Cependant, les réseaux sociaux ont porté ce phénomène à un niveau disruptif, transformant chaque instant de notre temps libre en une occasion de nous enfermer dans une cage d’informations non pertinentes.

Des plateformes comme Instagram, TikTok et YouTube ont été conçues pour nous garder accrochés : lecture automatique, notifications, défilements infinis.

Tout a été pensé pour stimuler sans relâche notre cerveau. Ce n’est pas un simple divertissement : c’est de la conception comportementale.

Notre temps devient le produit, notre attention leur monnaie d’échange.

En premier lieu, le temps : des heures et des heures chaque jour que nous n’investissons pas dans la lecture, les relations ou la réflexion.

La qualité de notre attention en souffre également : l’alternance continue entre tâches, notifications et distractions en ligne érode notre capacité à nous concentrer profondément.

Le soi-disant « résidu d’attention » nous laisse l’esprit toujours ailleurs, même lorsque nous devrions être présents.

Ensuite, il y a la santé mentale. L’utilisation intensive des réseaux sociaux est liée à des états d’anxiété, d’isolement et de dépression de plus en plus répandus.

Nous nous comparons continuellement à des versions filtrées des vies des autres, alimentant un sentiment d’inadéquation.

De plus, chaque interaction est potentiellement monétisée.
Les plateformes collectent nos données, les analysent et les revendent pour prévoir (et manipuler) nos comportements.

Les créateurs – et pas seulement les utilisateurs – sont également victimes du système.

Pour « fonctionner » dans l’économie de l’attention, en effet, les contenus doivent être courts, viraux et sensationnalistes.

Les titres clickbait, les opinions polarisantes et les simplifications excessives obscurcissent l’approfondissement.

La qualité cède la place à la visibilité à tout prix.

C’est un cercle vicieux. Les plateformes optimisent pour l’engagement. Les utilisateurs s’adaptent. Les créateurs font tout pour se démarquer, et ainsi le système s’auto-alimente.

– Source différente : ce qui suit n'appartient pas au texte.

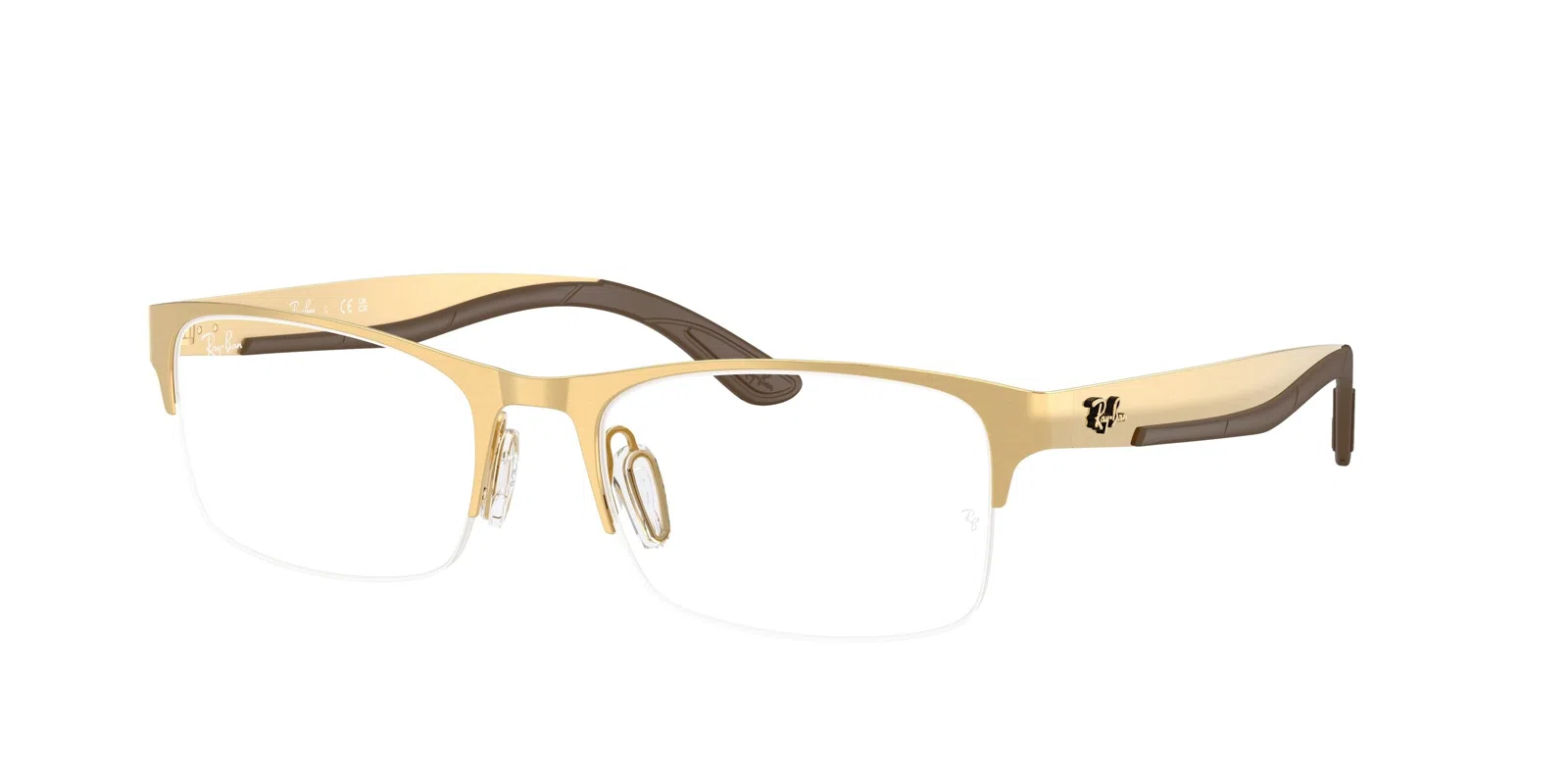 Ray-Ban 7551 Eyeglasses - view 5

Le résultat est un écosystème informatif bruyant, réactif et partiel, conçu pour susciter des émotions fortes – souvent de la colère, de la peur ou de l’indignation.

Non pas parce que nous sommes plus en colère, mais parce que l’indignation est un excellent catalyseur d’attention.

Lorsqu’un système informatique est corrompu en raison d’une quantité excessive de fichiers inutiles, de la redondance de la base de données ou d’une mise à niveau, il est nécessaire d’effectuer un « wipe » : un nettoyage qui ramène le logiciel à son état initial pour le faire redémarrer allégé et plus performant.

Nous aussi, nous avons besoin d’un « wipe », c’est-à-dire d’une nouvelle prise de conscience.

Les plateformes ne sont ni neutres ni amicales, et les contenus que nous consommons (et produisons) sont façonnés par des incitations économiques précises.

Ce n’est qu’en reconnaissant cela que nous pouvons commencer à inverser la tendance.

Si nous continuons à la distribuer sans discernement, ce sera toujours quelqu’un d’autre qui décidera de ce qui mérite d’émerger.

Il nous appartient de choisir si nous voulons rester des utilisateurs passifs ou exiger un système qui fonctionne à notre avantage.

C’est pourquoi, depuis un certain temps, j’ai commencé à ne plus faire défiler les fils d’actualité, mais à rechercher l’information à la source : livres, blogs, podcasts, newsletters, YouTube (au milieu du bruit, il y a des personnes extraordinaires) et même quelques comptes de réseaux sociaux soigneusement sélectionnés de personnes compétentes.

Nous devons nous mettre au régime : désormais, ce ne sont plus les contenus qui doivent nous chercher, mais nous qui devons les rechercher.

Nous devons reprendre en main notre culture, notre santé mentale et notre relation avec toutes ces personnes qui nous enrichissent réellement.

Si nous ne le faisons pas, nous céderons une grande partie de notre avenir aux marchands d’attention.